▸ INPUT:
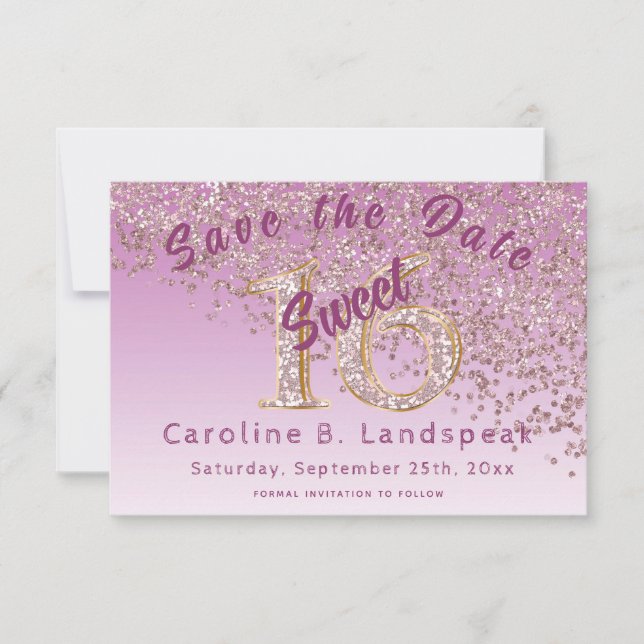 Sweet 16 Rose Gold Glitter Chic Glitter Number 16 Save The Date (Front)
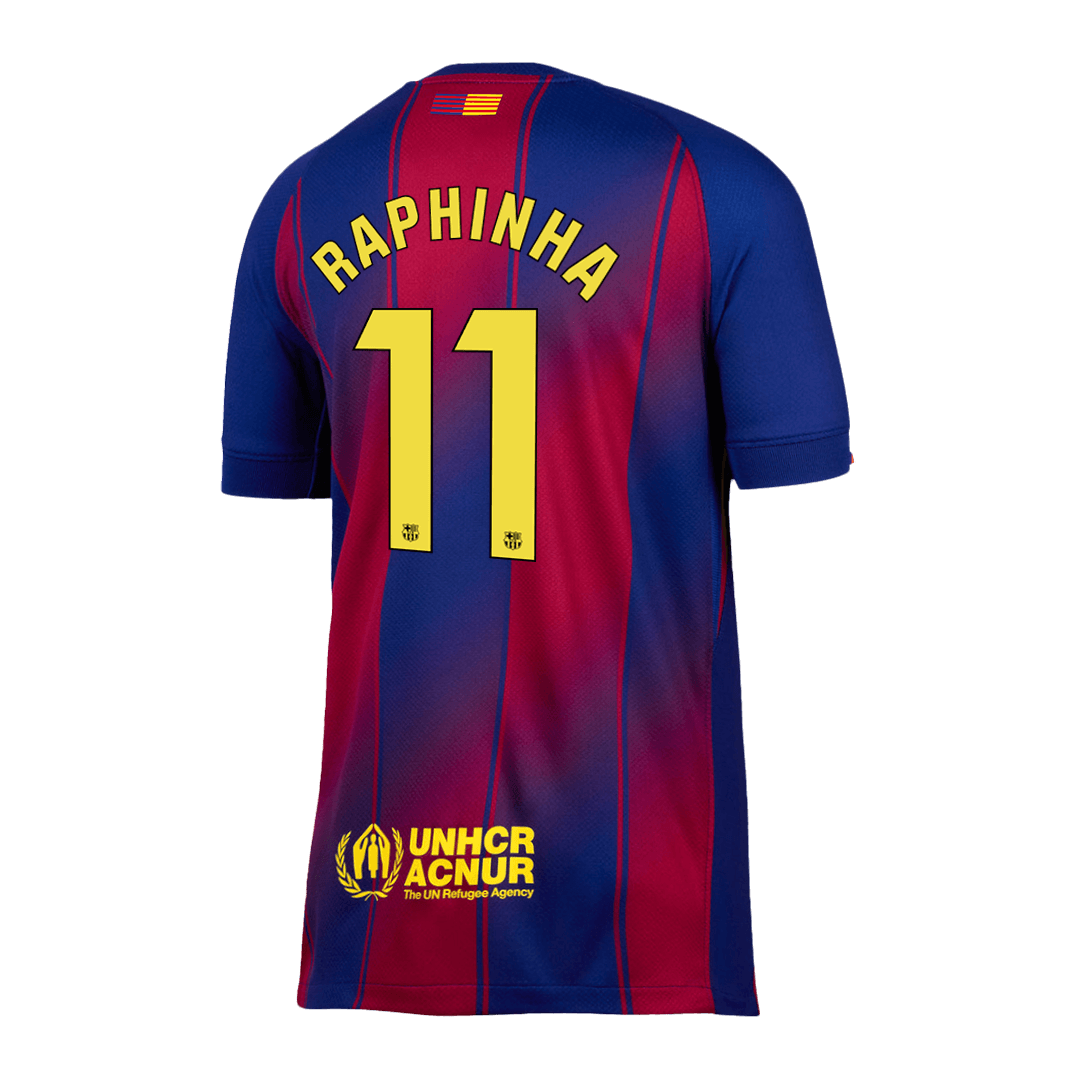 RAPHINHA #11 Barcelona Otthon Soccer Mez 2025/26 Piros&Kék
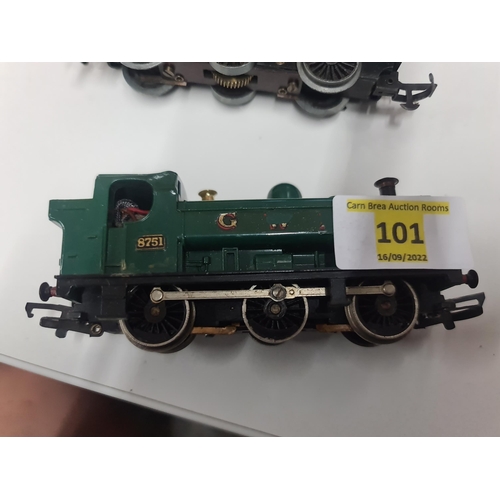 101 - Hornby 00 Gauge GWR 57XX Class 0-6-0T Pannier Steam Tank Loco 8751- GWR Green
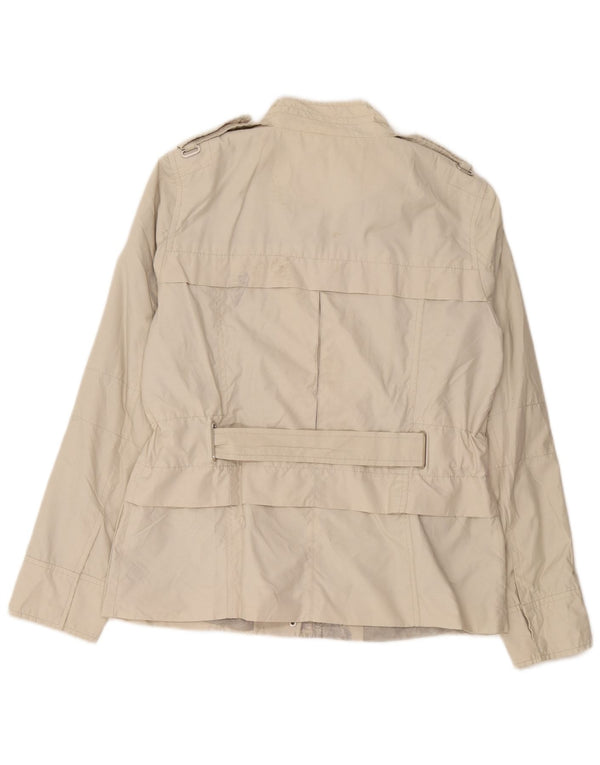 Zara Damen Militärjacke UK 14 mittelgraue Baumwolle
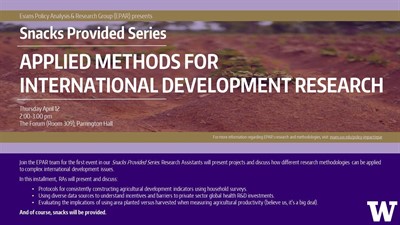 EPAR Snacks Provided Series: Applied Methods for International Development Research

▸ YOUR TASK: The whole of the data above needs retyping exactly, with pictures omitted.

▸ PROBLEM SOLUTION:
 Sweet 16 Rose Gold Glitter Chic Glitter Number 16 Save The Date (Front)
 RAPHINHA #11 Barcelona Otthon Soccer Mez 2025/26 Piros&Kék
 101 - Hornby 00 Gauge GWR 57XX Class 0-6-0T Pannier Steam Tank Loco 8751- GWR Green
 Zara Damen Militärjacke UK 14 mittelgraue Baumwolle
 EPAR Snacks Provided Series: Applied Methods for International Development Research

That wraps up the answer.